RECORDS FOR THE TASK below:
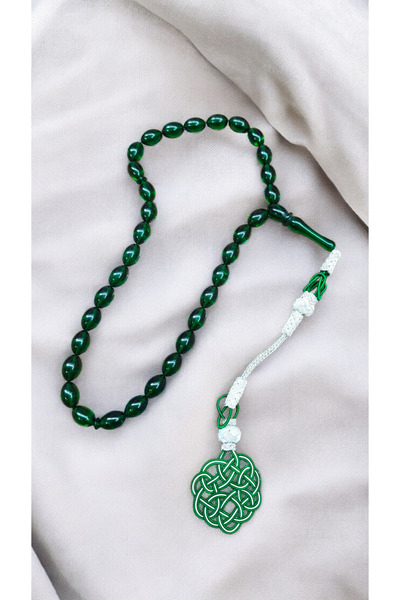 İnan Tesbih Fire Amber Green Color Barley Cut Kazaz Tassel Prayer Beads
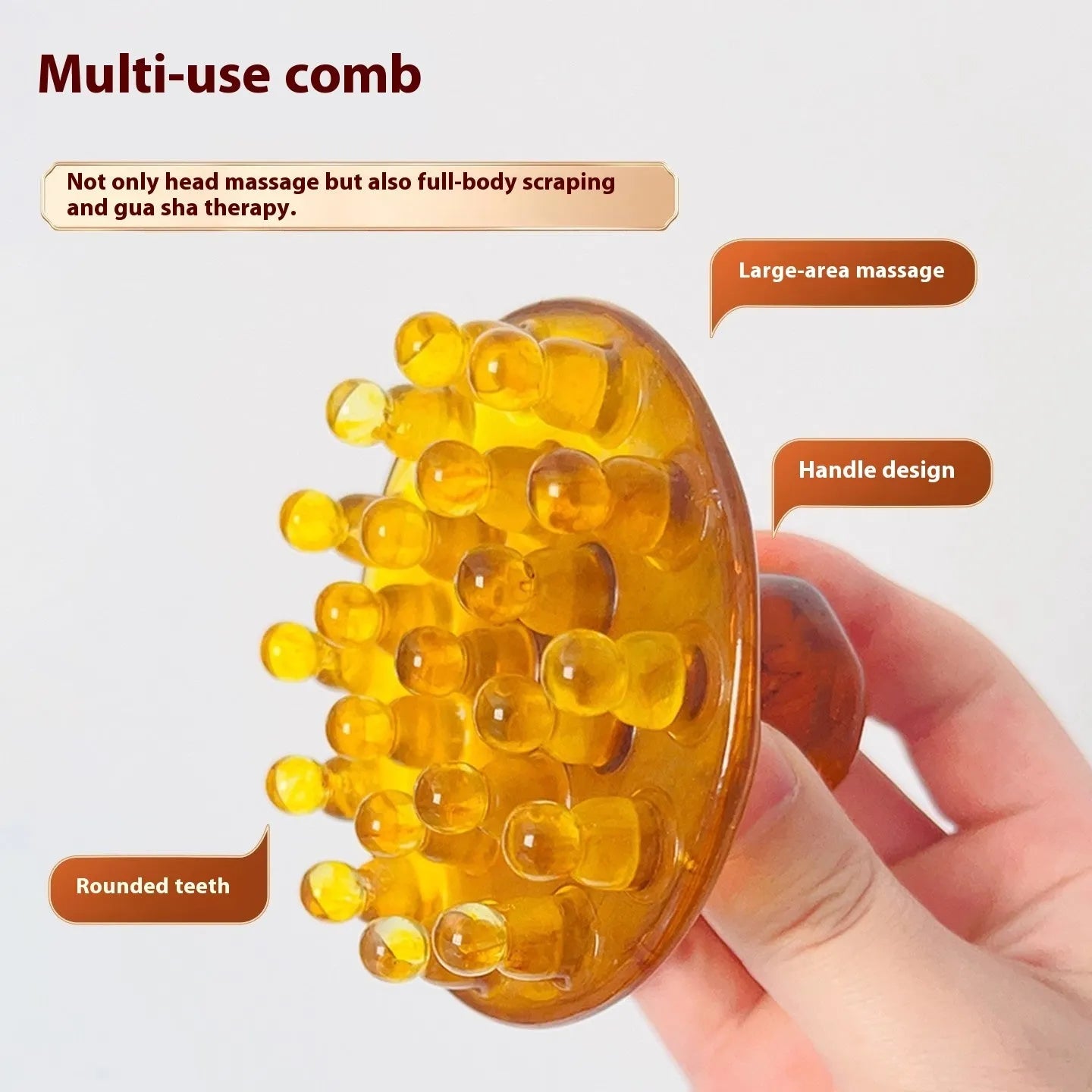 Wooden disc massage comb with 21 teeth for head acupressure in coffee brown colour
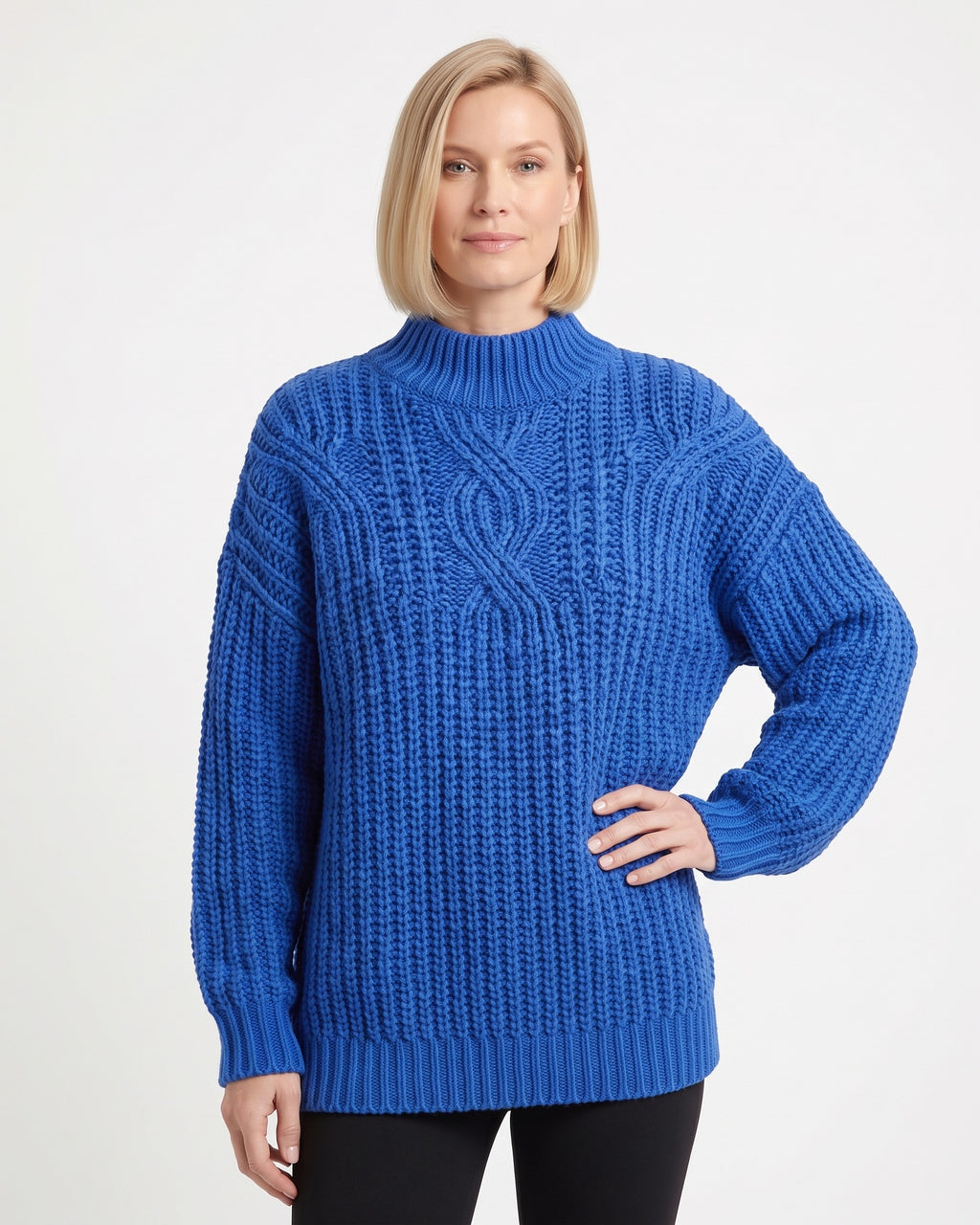 Blue cable-knit turtleneck sweater, chunky oversized pullover with drop shoulders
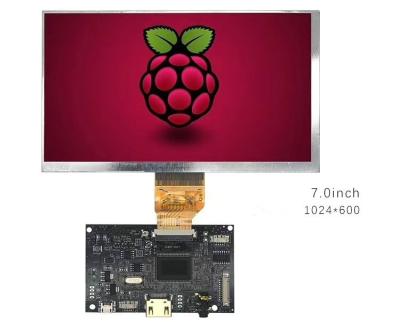 China Raspberry Pi compatibel 7 inch LCD-paneel met 1024x600 resolutie en 450nits lichtsterkte Te koop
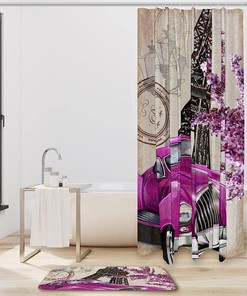 Modern Paris Eiffel Tower with Car Shower Curtain, Perfect for Industrial Chic Bathroom Decor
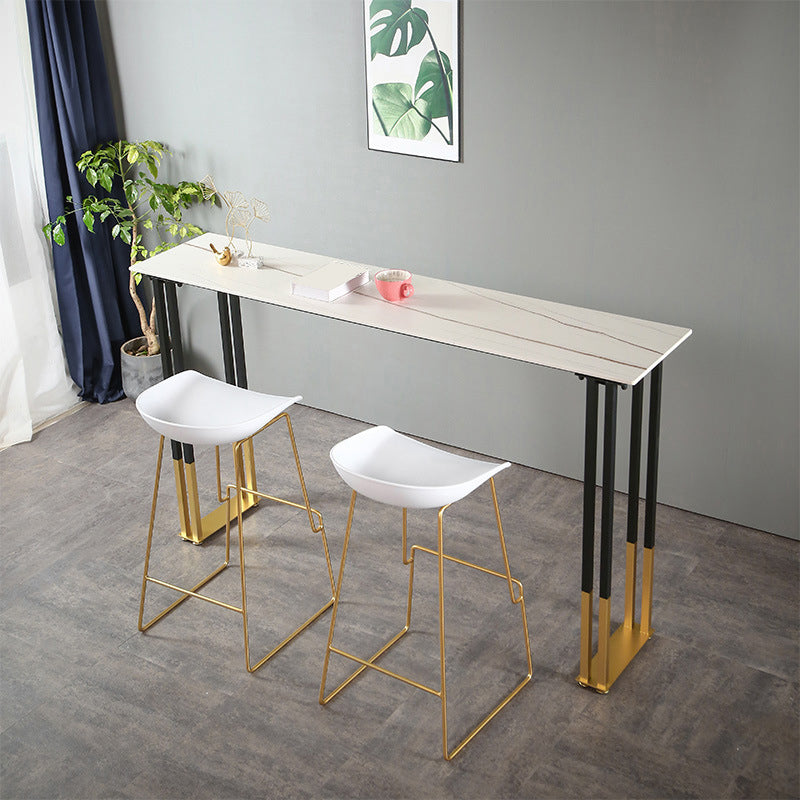 Contemporary Bar Counter Table Rectangle Sintered Stone Table for Home White 70.9"L x 15.7"W x 41.3"H Clearhalo 'Bar Furniture' 'Bar Tables' 'bar_tables' 'Furniture' 'furniture_bar_tables' 'Kitchen & Dining Furniture' 4888525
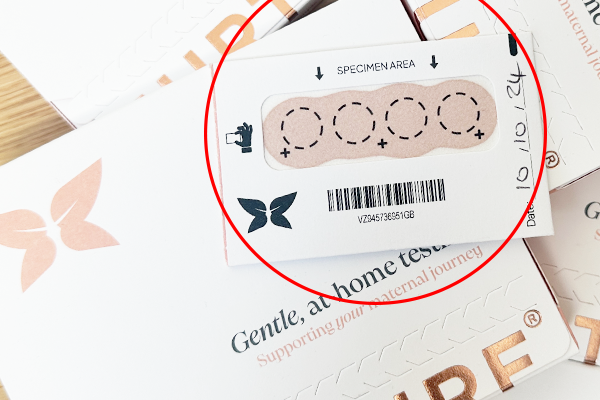 Nurture blood sample kit with barcode and specimen area indicated.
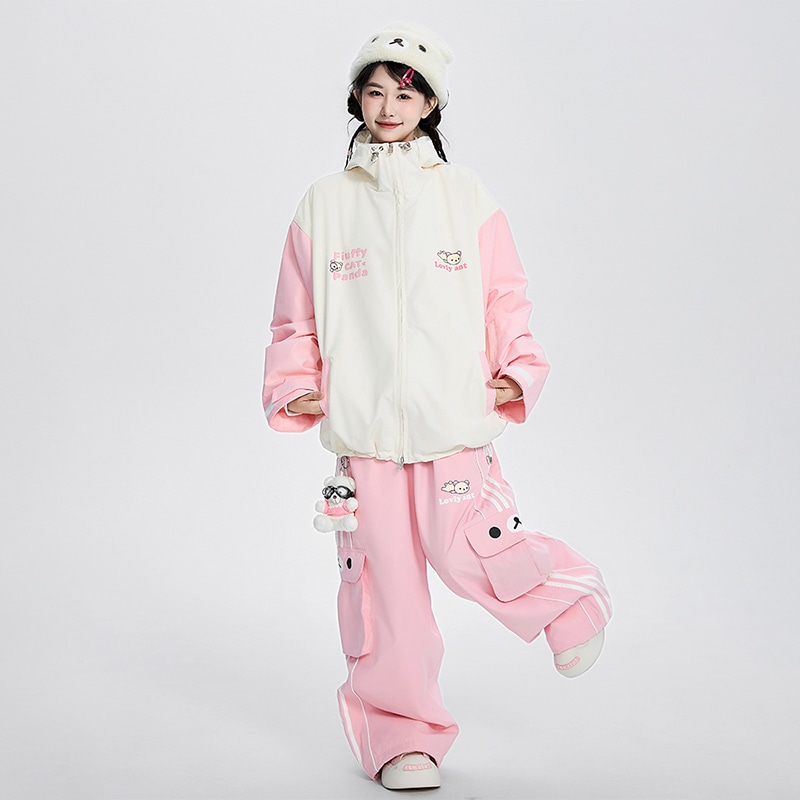 かわいいクマちゃん スノーボードウェア 2025 2026 ピンク クリームベージュ パッチワーク スノパンツ レディース スキーウェア スノボウェア コート スキー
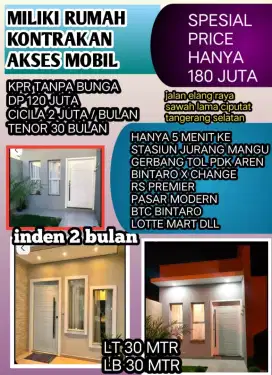Kontrakan akses mobil inden murah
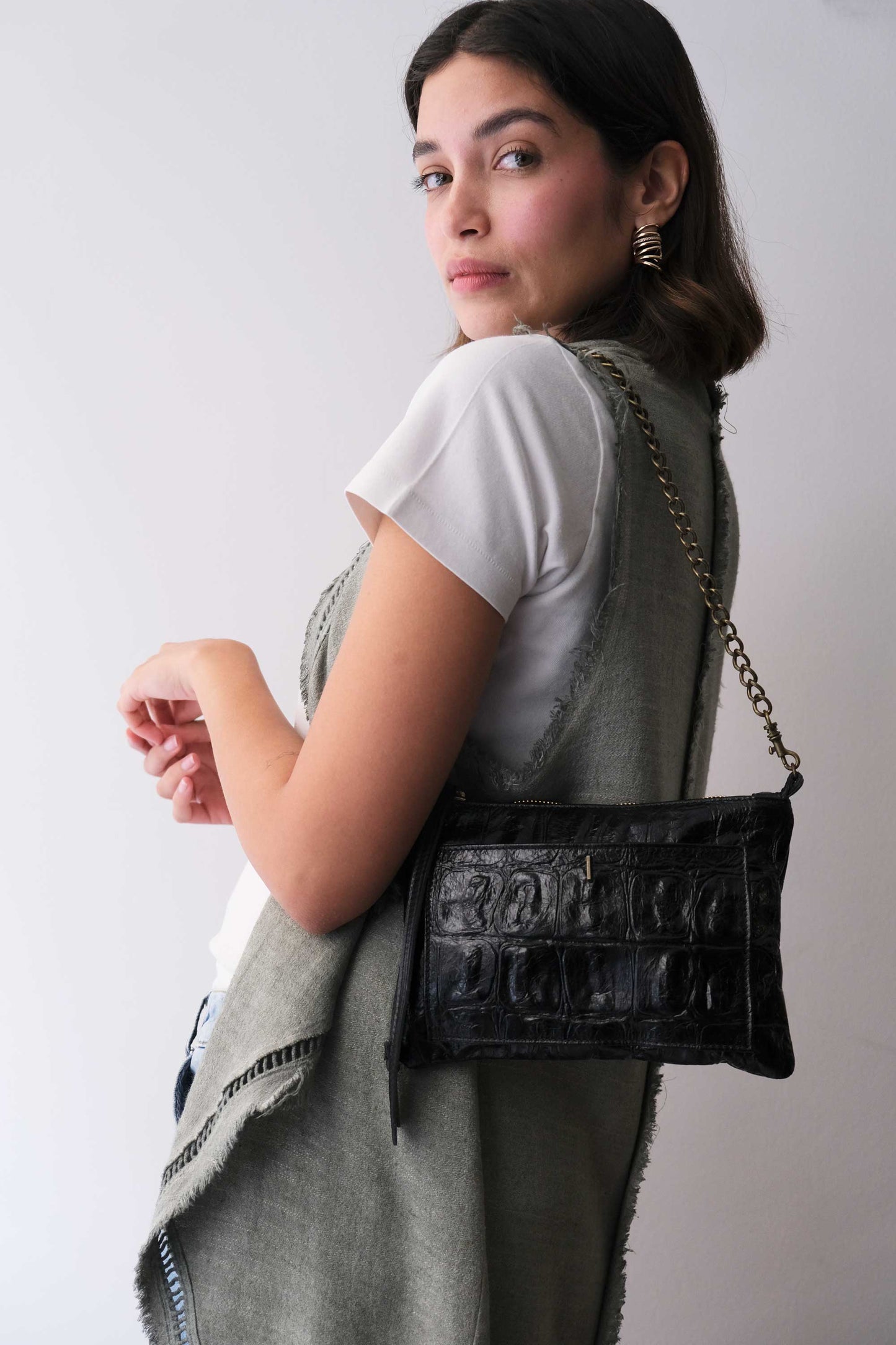 Mikin pochette in black calf leather - Made in Italy -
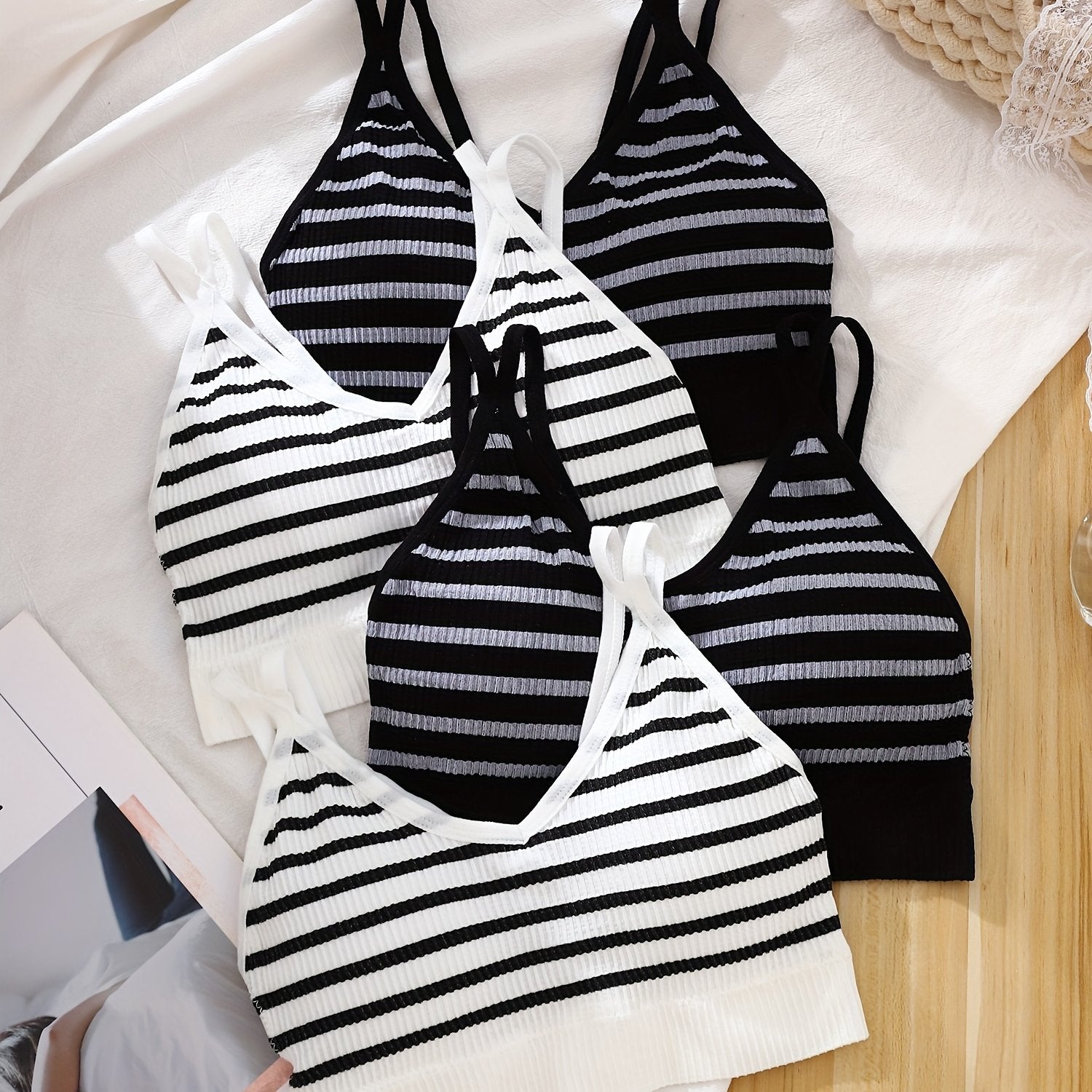 4pc Striped Wireless Bras Comfy & Breathable Intimates Bra Women's Lingerie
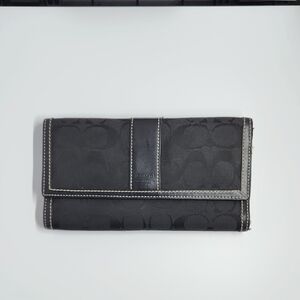 Coach Signature Jacquard & Leather Contrast Stitch Snap Flap Long Wallet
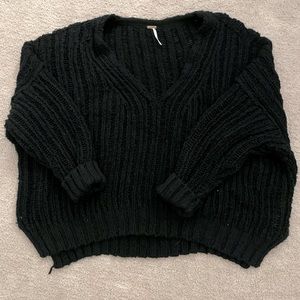 Free People Chunky V-Neck Sweater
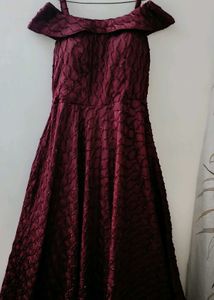 Burgundy Off-Shoulder Dress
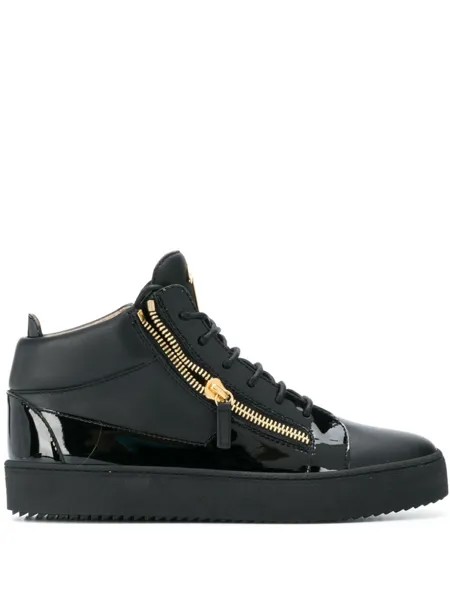 Кеды Giuseppe Zanotti Side Zip, черный/золотой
End of RECORDS FOR THE TASK.
WHAT TO DO: Print out the entries above word for word from the first line to the line containing "Nurture blood sample", both included, omitting the pictures.

ANSWER FOR THE TASK:
 İnan Tesbih Fire Amber Green Color Barley Cut Kazaz Tassel Prayer Beads
 Wooden disc massage comb with 21 teeth for head acupressure in coffee brown colour
 Blue cable-knit turtleneck sweater, chunky oversized pullover with drop shoulders
 China Raspberry Pi compatibel 7 inch LCD-paneel met 1024x600 resolutie en 450nits lichtsterkte Te koop
 Modern Paris Eiffel Tower with Car Shower Curtain, Perfect for Industrial Chic Bathroom Decor
 Contemporary Bar Counter Table Rectangle Sintered Stone Table for Home White 70.9"L x 15.7"W x 41.3"H Clearhalo 'Bar Furniture' 'Bar Tables' 'bar_tables' 'Furniture' 'furniture_bar_tables' 'Kitchen & Dining Furniture' 4888525
 Nurture blood sample kit with barcode and specimen area indicated.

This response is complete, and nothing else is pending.